Proliferation of fibroblasts is essential for normal wound healing process, and is accelerated in abnormal tissue scarring. In the present study, 5-Aza-dC suppressed cell proliferation with or without exogenous TGF-β2 (Figure 4, Figure 5), similarly to previous studies in lung, liver, and heart [17,20,22,24]. This effect may relate to the transdifferentiation into myofibroblasts, which are known to proliferate more than naïve fibroblasts, because 5-Aza-dC inhibits the transdifferentiation as described above. Even in the absence of exogenous TGF-β2, there might be an intrinsic one that functions in the autocrine manner. There is another possibility that 5-Aza-dC upregulates genes that slow the cell cycle. Of interest, 5-Aza-dC helped the demethylation of FOXD3 (Gene ID 27022; OMIM 611539), and thus, decreased cell proliferation of ovarian cancer cells [38]. Similarly, the methylation of other genes, such as p21 (CDKN1A; Gene ID 1026; OMIM 116899), SFRP5, ECRG4 (Gene ID 84417; OMIM 611752), and HIF2α (EPAS1; Gene ID 2034; OMIM 603349), was also reportedly related to cell proliferation [39-42]. Furthermore, 5-Aza-dC inhibits the growth of the lung fibroblasts in hyperoxia-induced neonatal bronchopulmonary dysplasia rats in vitro by demethylating the P16 (CDKN2A; Gene ID, 1029; OMIM 600160) gene, resulting in cell cycle arrest [17]. Exact mechanisms of the inhibitory effect of 5-Aza-dC on cell proliferation in HConF remain unknown, and future studies are required to clarify them.

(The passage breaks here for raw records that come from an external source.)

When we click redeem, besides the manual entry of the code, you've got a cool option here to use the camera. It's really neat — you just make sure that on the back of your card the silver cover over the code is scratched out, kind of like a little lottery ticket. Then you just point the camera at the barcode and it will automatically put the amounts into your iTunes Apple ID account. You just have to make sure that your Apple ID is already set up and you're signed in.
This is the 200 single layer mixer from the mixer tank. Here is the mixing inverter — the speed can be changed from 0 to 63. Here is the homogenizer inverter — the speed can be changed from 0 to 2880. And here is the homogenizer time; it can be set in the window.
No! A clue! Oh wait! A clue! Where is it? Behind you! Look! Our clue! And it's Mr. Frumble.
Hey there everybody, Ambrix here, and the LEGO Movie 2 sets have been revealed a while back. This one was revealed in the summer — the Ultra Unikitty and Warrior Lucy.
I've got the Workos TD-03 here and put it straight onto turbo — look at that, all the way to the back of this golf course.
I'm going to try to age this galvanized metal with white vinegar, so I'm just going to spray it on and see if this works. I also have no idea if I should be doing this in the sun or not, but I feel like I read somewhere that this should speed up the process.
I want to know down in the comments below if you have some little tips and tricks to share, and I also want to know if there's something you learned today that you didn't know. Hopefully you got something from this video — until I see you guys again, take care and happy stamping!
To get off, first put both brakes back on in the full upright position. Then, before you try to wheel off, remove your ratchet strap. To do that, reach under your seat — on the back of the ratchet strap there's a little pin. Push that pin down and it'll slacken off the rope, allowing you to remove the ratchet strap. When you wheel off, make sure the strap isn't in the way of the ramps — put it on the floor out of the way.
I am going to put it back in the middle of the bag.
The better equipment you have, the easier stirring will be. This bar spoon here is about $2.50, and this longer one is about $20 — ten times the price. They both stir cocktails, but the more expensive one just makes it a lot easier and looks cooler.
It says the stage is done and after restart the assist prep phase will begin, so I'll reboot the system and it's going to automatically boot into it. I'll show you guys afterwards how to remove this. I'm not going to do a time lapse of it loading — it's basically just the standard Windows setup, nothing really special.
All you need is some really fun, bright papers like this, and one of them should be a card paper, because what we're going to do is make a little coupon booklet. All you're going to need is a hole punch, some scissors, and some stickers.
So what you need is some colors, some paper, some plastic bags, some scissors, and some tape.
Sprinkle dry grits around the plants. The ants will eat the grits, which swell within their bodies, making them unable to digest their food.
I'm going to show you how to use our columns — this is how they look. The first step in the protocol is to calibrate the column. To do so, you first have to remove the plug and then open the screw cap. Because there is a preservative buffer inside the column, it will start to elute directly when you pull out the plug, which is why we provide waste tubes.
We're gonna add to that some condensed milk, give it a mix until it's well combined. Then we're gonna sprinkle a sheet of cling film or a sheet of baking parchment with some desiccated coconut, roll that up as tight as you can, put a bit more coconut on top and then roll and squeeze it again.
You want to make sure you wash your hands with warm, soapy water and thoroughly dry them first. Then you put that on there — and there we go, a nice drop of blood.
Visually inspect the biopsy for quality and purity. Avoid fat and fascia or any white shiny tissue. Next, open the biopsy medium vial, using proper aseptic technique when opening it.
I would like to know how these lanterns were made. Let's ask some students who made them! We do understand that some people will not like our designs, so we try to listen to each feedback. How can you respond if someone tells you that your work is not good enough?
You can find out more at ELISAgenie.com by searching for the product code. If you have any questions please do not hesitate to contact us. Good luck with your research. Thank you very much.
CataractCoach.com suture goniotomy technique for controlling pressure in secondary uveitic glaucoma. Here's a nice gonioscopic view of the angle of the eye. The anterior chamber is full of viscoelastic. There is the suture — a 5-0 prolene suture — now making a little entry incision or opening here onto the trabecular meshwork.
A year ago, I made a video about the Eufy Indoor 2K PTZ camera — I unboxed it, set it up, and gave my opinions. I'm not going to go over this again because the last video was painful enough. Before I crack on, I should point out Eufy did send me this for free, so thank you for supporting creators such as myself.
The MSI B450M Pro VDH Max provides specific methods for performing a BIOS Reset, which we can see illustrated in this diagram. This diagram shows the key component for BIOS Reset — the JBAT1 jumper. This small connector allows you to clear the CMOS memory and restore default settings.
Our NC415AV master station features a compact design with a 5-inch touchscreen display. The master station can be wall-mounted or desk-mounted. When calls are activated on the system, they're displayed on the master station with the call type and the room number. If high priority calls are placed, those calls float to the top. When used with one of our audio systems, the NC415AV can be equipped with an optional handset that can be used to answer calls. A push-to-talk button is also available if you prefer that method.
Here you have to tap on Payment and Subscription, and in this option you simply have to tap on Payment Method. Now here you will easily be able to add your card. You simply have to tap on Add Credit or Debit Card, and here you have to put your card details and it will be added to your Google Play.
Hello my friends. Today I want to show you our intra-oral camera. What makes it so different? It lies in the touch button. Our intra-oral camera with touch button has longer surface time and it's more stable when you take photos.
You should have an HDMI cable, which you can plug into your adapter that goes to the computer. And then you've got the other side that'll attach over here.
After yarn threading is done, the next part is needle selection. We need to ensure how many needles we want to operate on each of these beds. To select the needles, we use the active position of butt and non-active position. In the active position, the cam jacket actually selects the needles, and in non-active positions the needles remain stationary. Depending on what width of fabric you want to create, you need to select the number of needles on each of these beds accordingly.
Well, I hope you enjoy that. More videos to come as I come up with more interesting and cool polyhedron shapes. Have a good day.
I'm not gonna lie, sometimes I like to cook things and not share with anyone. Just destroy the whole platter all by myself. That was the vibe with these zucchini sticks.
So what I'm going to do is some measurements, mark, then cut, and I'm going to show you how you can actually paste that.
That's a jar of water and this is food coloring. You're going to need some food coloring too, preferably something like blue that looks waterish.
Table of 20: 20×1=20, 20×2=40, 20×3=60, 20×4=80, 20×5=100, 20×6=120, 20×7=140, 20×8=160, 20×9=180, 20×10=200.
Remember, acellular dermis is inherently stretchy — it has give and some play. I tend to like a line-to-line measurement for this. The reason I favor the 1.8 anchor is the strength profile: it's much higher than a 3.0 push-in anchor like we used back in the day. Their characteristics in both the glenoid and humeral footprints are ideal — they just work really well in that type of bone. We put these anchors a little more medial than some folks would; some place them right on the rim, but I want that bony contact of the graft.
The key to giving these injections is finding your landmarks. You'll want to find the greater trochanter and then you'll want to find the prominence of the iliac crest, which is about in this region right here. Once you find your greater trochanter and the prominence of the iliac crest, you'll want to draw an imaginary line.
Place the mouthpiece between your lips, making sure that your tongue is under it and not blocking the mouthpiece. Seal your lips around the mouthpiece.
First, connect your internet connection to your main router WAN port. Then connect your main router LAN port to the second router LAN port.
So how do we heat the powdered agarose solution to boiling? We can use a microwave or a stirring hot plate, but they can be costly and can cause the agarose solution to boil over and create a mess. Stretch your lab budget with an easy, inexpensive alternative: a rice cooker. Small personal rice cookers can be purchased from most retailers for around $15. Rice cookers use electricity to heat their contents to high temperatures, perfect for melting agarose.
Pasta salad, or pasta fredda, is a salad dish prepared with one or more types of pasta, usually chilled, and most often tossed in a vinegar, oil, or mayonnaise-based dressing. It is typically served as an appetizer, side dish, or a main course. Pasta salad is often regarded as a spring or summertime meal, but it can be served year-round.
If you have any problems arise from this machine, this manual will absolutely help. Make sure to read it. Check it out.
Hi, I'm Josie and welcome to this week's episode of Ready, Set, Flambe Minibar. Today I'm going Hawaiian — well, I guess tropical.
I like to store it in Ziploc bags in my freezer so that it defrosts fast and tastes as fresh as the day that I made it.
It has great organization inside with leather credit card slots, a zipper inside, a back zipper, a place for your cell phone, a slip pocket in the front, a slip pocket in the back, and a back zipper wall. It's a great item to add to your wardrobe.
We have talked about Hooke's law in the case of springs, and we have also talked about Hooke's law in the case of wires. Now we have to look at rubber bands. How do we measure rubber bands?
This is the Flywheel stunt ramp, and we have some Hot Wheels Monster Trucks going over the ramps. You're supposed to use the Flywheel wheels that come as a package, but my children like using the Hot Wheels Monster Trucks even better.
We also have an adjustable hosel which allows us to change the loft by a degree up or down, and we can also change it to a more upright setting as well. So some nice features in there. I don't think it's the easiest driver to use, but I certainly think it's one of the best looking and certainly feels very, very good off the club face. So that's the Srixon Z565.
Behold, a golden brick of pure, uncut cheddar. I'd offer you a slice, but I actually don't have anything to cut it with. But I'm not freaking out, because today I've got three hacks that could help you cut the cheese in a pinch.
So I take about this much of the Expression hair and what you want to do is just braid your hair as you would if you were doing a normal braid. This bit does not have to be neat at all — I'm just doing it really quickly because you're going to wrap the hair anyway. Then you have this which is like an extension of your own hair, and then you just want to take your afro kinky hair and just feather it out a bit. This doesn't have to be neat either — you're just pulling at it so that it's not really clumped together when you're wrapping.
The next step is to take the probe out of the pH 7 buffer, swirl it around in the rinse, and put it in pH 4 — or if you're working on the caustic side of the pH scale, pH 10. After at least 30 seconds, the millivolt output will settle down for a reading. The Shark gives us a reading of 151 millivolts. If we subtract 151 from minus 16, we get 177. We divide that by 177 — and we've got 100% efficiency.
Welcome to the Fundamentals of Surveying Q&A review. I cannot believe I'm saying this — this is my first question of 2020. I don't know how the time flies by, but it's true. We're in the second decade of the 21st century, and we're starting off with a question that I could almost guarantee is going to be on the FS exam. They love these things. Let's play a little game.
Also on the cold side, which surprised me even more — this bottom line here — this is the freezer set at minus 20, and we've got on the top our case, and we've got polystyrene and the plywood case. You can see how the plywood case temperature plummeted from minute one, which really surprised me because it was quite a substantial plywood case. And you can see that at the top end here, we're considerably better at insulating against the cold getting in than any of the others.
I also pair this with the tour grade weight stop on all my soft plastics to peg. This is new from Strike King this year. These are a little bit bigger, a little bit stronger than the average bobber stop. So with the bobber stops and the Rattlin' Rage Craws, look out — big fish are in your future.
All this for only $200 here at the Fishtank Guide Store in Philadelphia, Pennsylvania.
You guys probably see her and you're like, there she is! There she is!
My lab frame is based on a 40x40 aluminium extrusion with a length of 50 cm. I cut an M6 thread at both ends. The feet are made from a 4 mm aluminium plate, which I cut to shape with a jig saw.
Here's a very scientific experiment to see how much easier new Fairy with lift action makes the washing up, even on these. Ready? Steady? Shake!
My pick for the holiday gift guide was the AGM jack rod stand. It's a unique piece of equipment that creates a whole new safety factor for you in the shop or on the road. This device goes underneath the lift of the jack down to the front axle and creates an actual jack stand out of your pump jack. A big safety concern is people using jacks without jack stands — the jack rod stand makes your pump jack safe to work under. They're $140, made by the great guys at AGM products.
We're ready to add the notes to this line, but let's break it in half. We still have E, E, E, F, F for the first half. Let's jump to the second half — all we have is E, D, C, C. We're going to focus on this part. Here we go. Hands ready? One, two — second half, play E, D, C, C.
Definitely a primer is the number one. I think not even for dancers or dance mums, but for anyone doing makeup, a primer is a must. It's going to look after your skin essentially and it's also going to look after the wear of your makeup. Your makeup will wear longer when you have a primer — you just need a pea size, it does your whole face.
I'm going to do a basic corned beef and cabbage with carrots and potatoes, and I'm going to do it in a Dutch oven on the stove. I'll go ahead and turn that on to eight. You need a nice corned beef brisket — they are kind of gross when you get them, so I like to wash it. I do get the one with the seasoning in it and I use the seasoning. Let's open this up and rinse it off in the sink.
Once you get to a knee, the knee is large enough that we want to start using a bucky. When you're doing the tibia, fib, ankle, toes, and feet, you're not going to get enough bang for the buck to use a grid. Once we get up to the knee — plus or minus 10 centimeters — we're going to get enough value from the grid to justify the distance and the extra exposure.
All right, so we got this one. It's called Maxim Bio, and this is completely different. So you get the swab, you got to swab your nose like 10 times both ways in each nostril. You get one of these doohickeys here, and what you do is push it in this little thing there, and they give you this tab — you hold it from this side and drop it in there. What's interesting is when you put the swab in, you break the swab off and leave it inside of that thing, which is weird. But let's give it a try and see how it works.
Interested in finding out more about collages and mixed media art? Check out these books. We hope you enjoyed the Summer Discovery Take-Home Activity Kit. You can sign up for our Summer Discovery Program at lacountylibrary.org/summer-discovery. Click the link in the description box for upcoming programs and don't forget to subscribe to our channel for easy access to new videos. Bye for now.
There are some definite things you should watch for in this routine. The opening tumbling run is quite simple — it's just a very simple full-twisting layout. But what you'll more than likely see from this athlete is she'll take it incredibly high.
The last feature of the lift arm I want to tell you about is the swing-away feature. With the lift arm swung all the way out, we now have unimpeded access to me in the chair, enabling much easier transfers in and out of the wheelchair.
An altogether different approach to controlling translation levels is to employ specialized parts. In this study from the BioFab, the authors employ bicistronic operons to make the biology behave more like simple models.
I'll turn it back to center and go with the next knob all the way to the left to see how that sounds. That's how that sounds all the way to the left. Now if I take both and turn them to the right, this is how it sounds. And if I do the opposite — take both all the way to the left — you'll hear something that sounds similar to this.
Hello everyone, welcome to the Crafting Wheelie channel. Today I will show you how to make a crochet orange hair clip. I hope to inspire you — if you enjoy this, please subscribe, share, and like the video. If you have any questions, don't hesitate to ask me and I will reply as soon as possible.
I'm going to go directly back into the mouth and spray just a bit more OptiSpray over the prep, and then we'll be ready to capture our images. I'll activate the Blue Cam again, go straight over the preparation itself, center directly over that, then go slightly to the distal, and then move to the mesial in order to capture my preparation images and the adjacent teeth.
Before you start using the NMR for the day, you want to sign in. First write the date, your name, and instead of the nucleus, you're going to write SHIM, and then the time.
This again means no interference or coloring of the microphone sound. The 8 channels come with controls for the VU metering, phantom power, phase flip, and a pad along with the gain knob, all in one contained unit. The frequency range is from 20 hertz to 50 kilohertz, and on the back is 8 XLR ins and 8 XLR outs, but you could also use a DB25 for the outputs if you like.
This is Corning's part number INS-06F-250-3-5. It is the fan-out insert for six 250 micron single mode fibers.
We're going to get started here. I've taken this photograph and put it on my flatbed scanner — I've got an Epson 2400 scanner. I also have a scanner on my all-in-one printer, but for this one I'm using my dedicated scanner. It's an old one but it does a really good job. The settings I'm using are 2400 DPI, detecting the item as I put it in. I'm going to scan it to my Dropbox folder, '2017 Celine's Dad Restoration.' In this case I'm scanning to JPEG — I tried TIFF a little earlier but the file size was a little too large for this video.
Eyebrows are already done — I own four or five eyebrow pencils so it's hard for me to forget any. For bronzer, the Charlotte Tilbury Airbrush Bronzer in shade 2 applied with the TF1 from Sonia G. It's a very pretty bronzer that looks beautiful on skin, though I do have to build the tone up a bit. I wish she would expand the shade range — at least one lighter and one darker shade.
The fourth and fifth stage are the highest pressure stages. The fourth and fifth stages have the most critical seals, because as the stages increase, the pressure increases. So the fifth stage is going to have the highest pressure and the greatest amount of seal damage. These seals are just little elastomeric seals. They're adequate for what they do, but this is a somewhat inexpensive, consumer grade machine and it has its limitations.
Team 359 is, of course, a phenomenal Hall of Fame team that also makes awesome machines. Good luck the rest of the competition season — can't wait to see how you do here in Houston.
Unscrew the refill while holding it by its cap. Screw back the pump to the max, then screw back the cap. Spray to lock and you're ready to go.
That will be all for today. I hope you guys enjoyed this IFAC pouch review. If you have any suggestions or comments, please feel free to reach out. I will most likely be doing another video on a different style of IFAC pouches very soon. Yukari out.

In conclusion, the present study shows the antifibrogenetic effects of 5-Aza-dC on HConF. Because 5-Aza-dC has been used to treat myelodysplastic syndromes and acute myeloid leukemia, the clinical application of 5-Aza-dC for fibrotic diseases of the ocular surface is a possibility. However, unknown molecular mechanisms involving the antifibrogenetic effects of 5-Aza-dC on HConF remain. Additional in vitro and in vivo studies using animal models are required before clinical trials.